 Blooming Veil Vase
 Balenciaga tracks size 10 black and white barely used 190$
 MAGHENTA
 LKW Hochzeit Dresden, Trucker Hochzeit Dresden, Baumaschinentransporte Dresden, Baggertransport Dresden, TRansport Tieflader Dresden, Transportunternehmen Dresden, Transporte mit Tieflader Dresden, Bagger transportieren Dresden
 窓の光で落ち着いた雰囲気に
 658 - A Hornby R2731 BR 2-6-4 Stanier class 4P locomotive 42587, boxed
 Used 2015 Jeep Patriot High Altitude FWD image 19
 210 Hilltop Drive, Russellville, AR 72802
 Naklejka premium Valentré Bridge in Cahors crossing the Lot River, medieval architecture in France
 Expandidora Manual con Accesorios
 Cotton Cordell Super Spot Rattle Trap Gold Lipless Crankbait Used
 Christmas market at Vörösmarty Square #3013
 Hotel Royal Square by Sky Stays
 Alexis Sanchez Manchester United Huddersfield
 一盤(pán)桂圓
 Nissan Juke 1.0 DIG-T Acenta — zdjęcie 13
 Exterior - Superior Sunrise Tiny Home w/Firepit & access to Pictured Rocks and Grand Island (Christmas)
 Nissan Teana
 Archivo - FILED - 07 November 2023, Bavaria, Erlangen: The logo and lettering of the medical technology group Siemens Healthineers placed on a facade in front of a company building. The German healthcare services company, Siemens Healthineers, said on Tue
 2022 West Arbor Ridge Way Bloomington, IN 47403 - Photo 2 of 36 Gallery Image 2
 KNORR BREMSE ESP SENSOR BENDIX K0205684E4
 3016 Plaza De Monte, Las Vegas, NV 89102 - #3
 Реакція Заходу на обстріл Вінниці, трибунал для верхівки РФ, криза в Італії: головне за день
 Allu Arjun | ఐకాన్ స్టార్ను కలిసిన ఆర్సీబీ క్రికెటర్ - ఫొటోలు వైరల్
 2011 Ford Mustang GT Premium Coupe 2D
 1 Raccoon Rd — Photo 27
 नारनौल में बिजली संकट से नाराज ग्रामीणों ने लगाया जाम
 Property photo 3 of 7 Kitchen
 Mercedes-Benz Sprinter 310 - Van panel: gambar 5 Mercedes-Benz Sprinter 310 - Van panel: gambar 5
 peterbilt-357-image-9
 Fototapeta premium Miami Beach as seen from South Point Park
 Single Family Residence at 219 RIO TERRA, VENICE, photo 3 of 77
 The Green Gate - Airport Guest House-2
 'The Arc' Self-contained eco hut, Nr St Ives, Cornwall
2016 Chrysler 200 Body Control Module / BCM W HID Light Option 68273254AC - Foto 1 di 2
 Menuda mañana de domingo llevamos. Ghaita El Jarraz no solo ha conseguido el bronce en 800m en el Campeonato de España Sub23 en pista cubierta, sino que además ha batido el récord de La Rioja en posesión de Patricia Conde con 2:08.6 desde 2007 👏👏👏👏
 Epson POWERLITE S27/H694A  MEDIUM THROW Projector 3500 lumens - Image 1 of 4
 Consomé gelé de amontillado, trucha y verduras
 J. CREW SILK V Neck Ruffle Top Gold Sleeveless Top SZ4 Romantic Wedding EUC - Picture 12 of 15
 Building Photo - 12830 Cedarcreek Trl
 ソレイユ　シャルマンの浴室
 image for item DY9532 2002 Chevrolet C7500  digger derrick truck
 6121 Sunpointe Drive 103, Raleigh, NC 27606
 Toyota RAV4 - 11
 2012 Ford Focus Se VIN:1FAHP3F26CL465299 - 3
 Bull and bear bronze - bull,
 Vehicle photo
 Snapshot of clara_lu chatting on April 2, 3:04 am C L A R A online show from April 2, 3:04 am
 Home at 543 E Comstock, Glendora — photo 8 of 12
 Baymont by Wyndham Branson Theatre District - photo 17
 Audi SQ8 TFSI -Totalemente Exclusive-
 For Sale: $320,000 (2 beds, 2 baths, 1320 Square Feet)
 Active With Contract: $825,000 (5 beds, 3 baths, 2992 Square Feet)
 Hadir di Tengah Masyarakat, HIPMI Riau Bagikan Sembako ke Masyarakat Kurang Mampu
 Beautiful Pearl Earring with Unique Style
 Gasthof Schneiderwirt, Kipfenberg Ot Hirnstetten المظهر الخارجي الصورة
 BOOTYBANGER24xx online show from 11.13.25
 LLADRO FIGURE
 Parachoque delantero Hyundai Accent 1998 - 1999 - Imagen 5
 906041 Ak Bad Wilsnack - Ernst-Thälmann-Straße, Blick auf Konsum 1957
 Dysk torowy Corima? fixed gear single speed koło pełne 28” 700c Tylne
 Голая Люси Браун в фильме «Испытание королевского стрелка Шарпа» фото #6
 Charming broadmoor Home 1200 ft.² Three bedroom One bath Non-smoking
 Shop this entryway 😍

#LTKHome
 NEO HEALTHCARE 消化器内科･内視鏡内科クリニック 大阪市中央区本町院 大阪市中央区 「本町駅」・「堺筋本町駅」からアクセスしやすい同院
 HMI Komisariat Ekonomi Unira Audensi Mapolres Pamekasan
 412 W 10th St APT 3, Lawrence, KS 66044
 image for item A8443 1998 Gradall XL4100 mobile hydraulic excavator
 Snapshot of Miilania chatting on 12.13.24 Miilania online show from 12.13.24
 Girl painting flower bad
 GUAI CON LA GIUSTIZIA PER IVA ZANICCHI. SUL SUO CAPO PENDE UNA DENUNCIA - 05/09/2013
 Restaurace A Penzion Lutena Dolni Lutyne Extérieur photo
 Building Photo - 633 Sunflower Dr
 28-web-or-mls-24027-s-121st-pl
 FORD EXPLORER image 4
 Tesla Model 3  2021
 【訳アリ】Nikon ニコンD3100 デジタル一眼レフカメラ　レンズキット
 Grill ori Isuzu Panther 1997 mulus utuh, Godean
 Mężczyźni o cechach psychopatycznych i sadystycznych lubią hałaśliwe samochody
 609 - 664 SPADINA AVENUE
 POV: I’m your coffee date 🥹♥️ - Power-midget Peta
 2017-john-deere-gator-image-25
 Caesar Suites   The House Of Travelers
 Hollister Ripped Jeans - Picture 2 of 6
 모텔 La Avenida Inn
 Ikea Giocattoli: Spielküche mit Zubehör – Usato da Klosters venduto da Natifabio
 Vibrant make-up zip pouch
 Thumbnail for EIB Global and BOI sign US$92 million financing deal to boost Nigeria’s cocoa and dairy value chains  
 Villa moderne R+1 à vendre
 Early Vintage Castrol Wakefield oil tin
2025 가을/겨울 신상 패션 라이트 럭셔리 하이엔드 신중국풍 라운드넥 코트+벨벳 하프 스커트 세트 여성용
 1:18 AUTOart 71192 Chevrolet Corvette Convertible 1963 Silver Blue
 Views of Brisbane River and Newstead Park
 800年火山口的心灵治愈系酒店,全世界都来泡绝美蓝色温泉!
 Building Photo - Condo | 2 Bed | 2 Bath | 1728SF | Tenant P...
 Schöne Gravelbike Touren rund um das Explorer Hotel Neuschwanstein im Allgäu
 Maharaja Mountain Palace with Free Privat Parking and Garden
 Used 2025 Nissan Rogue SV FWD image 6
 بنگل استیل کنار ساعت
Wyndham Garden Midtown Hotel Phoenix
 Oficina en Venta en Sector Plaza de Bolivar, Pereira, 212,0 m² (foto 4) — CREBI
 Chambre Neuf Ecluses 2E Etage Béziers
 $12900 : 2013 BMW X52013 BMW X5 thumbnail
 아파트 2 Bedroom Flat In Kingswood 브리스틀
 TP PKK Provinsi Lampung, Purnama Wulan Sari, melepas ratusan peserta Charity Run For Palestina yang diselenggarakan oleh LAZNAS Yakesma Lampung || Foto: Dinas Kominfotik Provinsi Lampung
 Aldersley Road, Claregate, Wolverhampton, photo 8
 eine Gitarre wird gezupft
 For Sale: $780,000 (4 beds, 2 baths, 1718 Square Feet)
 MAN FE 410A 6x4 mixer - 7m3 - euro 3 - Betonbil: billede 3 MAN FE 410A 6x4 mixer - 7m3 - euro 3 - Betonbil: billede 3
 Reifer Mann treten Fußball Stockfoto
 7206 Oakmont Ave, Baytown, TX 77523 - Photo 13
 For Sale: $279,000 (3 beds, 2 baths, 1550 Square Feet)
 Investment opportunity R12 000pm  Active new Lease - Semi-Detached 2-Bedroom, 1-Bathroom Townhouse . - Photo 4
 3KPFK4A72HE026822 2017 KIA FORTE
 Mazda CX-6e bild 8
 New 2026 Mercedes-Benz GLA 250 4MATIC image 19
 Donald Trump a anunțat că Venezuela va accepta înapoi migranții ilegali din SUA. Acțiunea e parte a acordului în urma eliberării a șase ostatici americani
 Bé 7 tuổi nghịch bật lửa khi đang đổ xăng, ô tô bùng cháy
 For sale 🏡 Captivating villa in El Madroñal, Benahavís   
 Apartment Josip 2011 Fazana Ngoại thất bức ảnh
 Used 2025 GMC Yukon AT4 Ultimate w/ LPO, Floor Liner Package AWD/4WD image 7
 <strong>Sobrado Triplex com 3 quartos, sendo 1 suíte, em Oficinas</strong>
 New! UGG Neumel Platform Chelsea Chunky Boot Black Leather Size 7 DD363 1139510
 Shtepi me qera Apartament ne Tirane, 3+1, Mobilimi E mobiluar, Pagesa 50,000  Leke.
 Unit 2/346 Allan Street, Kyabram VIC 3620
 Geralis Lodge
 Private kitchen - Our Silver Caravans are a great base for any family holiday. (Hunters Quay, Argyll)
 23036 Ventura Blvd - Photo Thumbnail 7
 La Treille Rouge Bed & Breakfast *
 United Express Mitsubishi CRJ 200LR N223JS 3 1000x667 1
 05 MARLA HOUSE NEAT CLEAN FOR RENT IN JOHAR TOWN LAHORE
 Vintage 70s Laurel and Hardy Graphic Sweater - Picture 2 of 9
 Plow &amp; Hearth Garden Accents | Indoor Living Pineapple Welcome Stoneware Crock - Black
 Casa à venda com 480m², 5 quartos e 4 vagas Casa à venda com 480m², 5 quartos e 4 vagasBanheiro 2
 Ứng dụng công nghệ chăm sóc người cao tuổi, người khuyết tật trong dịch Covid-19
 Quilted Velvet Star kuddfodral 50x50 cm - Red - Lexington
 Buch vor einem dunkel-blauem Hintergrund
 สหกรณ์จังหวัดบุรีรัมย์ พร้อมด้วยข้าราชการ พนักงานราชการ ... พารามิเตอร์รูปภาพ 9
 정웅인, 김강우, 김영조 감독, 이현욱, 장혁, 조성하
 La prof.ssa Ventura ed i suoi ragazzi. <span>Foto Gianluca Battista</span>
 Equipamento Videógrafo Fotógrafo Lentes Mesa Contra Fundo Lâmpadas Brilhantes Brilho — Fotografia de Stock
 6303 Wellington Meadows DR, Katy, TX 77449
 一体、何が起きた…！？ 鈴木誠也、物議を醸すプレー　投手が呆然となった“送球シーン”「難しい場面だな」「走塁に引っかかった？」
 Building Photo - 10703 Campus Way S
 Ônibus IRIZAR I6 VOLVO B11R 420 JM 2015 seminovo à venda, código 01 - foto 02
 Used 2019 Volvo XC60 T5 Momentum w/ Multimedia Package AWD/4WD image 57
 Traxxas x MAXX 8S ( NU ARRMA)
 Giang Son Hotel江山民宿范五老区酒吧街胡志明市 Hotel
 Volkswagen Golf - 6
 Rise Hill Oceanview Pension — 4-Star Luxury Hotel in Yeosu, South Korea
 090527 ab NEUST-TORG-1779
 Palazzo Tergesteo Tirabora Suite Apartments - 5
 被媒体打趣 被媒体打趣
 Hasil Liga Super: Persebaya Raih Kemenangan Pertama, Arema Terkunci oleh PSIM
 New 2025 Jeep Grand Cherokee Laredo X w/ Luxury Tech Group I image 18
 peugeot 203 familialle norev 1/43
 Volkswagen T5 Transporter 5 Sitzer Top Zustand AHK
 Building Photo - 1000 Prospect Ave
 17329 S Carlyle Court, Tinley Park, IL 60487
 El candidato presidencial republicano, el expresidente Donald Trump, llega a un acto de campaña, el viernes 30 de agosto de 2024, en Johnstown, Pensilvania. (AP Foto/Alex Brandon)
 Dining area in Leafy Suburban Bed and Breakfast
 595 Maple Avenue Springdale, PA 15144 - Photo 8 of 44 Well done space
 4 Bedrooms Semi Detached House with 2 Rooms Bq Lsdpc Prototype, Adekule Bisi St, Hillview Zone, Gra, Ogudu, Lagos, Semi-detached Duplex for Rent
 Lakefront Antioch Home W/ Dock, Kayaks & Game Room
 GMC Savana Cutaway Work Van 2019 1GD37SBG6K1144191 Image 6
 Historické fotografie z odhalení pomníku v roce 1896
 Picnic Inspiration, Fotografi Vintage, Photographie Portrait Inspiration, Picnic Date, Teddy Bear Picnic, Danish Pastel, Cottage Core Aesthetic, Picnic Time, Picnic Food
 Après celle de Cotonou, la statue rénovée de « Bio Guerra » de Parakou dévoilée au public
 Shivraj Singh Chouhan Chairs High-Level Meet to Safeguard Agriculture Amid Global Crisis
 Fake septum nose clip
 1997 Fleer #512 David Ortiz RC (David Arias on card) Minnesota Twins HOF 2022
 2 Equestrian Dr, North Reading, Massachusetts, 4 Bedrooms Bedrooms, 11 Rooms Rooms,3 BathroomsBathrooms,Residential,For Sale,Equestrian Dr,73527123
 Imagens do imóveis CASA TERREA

# Your goal:
In the data above, find each line that uses the string "Bedrooms". Copy it.

# Reply:
 4 Bedrooms Semi Detached House with 2 Rooms Bq Lsdpc Prototype, Adekule Bisi St, Hillview Zone, Gra, Ogudu, Lagos, Semi-detached Duplex for Rent
 2 Equestrian Dr, North Reading, Massachusetts, 4 Bedrooms Bedrooms, 11 Rooms Rooms,3 BathroomsBathrooms,Residential,For Sale,Equestrian Dr,73527123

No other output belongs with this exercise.